Последовало короткое молчание. Хосе с усилием выпрямился, словно преодолевая внезапную слабость. Когда он попытался заговорить, у него перехватило дыхание, но, несмотря на это, его простые слова были полны достоинства.

– Прошу прощения, что рассердил вас, сеньор. Я встал сегодня затемно и прошел двенадцать километров, чтобы поймать для вас эту рыбу. – Его смуглое лицо залила бледность, темные глаза вспыхнули. – Мне следовало знать, что она недостаточно для вас хороша. Позвольте мне забрать ее домой. Мы очень бедны, сеньор, семья большая, всех нужно накормить, эта форель будет нам очень кстати.

Он прикрыл рыбу листьями и, церемонно поклонившись, ушел. У Николаса закололо в боку. Крепко сжав кулаки, он заорал:

– Не расстраивайся, Хосе! Съешьте их на ужин. И смотри, чтобы старому Педро тоже досталось!

Когда Хосе скрылся из виду, мальчик встал и, едва слышно попросив его извинить, опрометью бросился в свою комнату.

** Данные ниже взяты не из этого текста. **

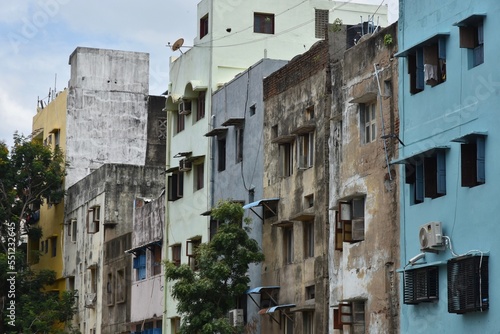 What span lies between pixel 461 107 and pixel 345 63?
244 inches

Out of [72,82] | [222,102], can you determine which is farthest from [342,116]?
[72,82]

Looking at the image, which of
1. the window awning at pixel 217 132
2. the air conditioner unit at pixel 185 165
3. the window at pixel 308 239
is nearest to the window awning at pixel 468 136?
the window at pixel 308 239

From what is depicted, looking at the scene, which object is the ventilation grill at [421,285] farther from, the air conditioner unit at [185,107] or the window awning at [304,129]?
the air conditioner unit at [185,107]

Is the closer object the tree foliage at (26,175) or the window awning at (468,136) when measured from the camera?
the window awning at (468,136)

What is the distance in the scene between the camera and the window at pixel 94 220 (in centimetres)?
5188

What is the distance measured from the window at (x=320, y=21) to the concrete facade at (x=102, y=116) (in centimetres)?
1664

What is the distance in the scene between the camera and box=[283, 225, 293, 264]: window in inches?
1364

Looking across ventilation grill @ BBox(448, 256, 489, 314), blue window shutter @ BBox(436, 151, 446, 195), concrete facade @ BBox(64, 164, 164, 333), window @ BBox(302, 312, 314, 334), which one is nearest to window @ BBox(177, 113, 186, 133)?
concrete facade @ BBox(64, 164, 164, 333)

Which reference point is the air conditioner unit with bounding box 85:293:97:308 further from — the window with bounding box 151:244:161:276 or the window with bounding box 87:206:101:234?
the window with bounding box 151:244:161:276

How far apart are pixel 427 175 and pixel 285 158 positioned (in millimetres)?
8883

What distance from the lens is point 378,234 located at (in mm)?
29000

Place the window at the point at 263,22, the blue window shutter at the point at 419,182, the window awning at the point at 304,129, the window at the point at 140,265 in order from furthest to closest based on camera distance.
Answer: the window at the point at 140,265, the window at the point at 263,22, the window awning at the point at 304,129, the blue window shutter at the point at 419,182

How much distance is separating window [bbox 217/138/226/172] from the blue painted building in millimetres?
12295

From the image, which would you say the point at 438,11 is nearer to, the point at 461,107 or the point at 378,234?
the point at 461,107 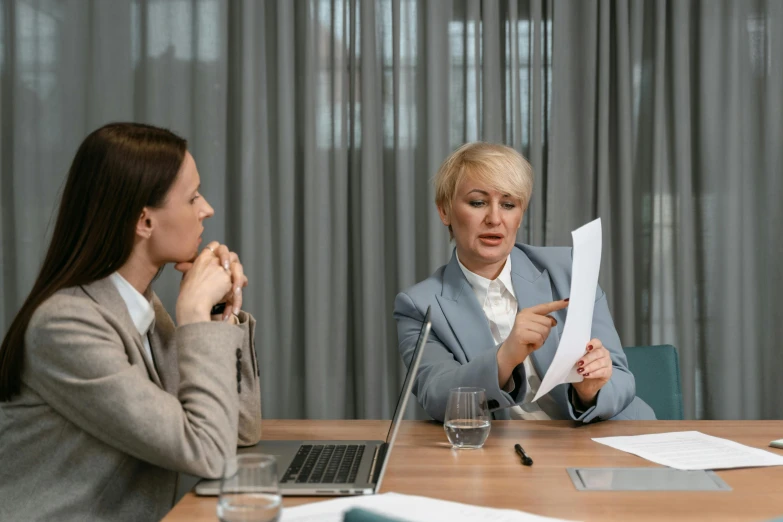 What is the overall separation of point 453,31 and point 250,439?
81.5 inches

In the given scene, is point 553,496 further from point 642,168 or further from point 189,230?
point 642,168

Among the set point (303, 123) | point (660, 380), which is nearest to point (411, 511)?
point (660, 380)

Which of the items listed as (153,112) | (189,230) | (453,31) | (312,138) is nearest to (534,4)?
(453,31)

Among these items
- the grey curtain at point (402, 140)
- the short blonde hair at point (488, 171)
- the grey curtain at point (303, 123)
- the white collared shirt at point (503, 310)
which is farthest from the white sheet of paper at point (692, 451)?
the grey curtain at point (303, 123)

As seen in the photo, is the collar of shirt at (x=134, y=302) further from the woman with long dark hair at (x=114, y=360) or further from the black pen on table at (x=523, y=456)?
the black pen on table at (x=523, y=456)

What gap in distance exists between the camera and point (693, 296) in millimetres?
3127

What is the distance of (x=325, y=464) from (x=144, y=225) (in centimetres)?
57

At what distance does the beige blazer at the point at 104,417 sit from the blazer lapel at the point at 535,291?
835mm

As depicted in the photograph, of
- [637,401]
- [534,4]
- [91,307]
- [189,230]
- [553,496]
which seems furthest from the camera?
[534,4]

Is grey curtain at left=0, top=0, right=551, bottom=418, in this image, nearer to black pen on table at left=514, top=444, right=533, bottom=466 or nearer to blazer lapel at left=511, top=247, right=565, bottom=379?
blazer lapel at left=511, top=247, right=565, bottom=379

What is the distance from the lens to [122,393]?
4.26ft

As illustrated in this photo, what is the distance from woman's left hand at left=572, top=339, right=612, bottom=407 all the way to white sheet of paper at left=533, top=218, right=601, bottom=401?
0.04 metres

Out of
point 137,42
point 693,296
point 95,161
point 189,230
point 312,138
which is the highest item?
point 137,42

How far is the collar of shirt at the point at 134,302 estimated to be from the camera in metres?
1.51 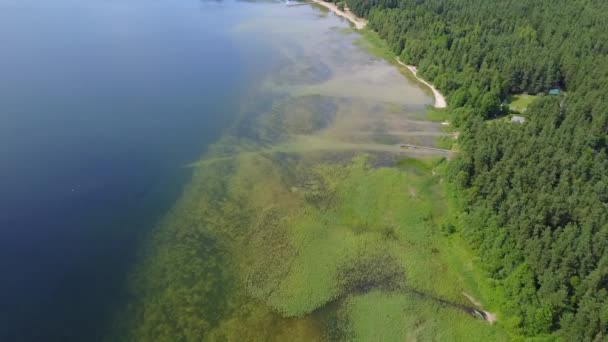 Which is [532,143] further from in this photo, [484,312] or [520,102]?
[520,102]

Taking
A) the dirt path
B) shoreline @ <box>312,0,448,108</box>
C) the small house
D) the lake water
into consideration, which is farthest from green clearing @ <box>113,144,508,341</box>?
shoreline @ <box>312,0,448,108</box>

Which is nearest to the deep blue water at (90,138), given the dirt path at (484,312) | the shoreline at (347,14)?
the dirt path at (484,312)

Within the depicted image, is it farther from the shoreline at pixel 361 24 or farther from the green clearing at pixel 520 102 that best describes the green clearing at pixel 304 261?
the green clearing at pixel 520 102

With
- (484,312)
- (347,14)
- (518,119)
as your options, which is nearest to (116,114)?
(484,312)

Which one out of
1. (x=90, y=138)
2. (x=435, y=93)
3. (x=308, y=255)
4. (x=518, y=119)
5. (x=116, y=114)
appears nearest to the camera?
(x=308, y=255)

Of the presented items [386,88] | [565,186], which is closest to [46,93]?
[386,88]

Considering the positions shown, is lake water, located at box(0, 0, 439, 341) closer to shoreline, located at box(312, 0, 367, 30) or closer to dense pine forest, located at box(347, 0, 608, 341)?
shoreline, located at box(312, 0, 367, 30) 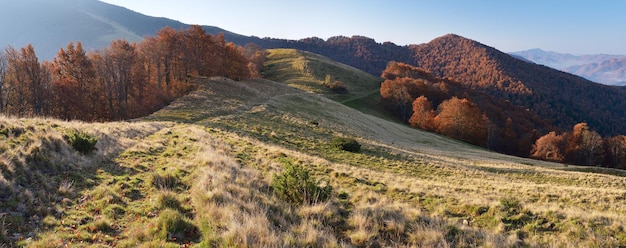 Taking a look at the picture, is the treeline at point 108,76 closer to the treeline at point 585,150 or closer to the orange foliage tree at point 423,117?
the orange foliage tree at point 423,117

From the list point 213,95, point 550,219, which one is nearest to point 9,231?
point 550,219

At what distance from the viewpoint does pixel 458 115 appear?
250ft

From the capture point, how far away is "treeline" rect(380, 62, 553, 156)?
77.3 metres

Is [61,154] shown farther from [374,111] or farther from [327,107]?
[374,111]

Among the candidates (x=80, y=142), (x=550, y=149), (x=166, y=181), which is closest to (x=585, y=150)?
(x=550, y=149)

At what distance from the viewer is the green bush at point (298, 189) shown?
32.7ft

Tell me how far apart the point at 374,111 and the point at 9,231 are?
277 ft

Только благодаря собственной гордости консулу удалось овладеть ситуацией. Несмотря на бушующие в нем эмоции, он шутливо пожал плечами и спокойно обратился к гостям:

– Современные дети непредсказуемы. – Он удивленно улыбнулся. – Чем глупее слуги, тем сильнее Николас им сочувствует.

Тщательно подбирая фразы, он быстро заставил гостей хохотать над историей о другом тупице-слуге, которого ему пришлось терпеть, – вспыльчивом неаполитанце, служившем прежде корабельным коком и имевшем привычку держать в кладовке попугая. Провожая гостей к машине, консул также не утратил самообладания и ничем не выказал терзавшего его смятения чувств.

Машина отъехала, а он продолжал стоять со сдвинутыми бровями, вперив невидящий взгляд в возносящиеся к небесам голубые горы, омываемые хрустальными водами Аренго и окутанные вечным туманом.

Глава 7

Наутро Брэнд спустился к завтраку рано. Вопреки опасениям провести ночь без сна, спал он на удивление крепко. Гарсиа подал кофе и фрукты, аппетитно уложенные на серебряном блюде, и молча и бесстрастно остался стоять поодаль, демонстрируя готовность услужить. И теперь, учитывая сдержанность дворецкого, его скрытную и отстраненную манеру, столь подходящую для службы в «лучших домах», где ему, без сомнения, доверяли много секретов исключительно для того, чтобы запечатать их этими непроницаемыми губами, консул решил ему довериться:

– Гарсиа, я хочу вас кое о чем спросить.

Дворецкий, непроницаемый и бесстрастный, шагнул вперед.

– Это касается Хосе, нового садовника, – нарочито небрежно, помешивая при этом кофе, сказал Брэнд. – Приходилось ли вам когда-нибудь видеть, что он разговаривает с моим сыном?

Наступила пауза. Ни тени улыбки не исказило невозмутимые черты Гарсиа, ни один мускул не дрогнул на его бледном лице.

– Когда-нибудь, сеньор Брэнд? Да всегда, все время – вот правильный ответ на ваш вопрос. Они постоянно вместе. Разговаривают, смеются, даже работают вместе.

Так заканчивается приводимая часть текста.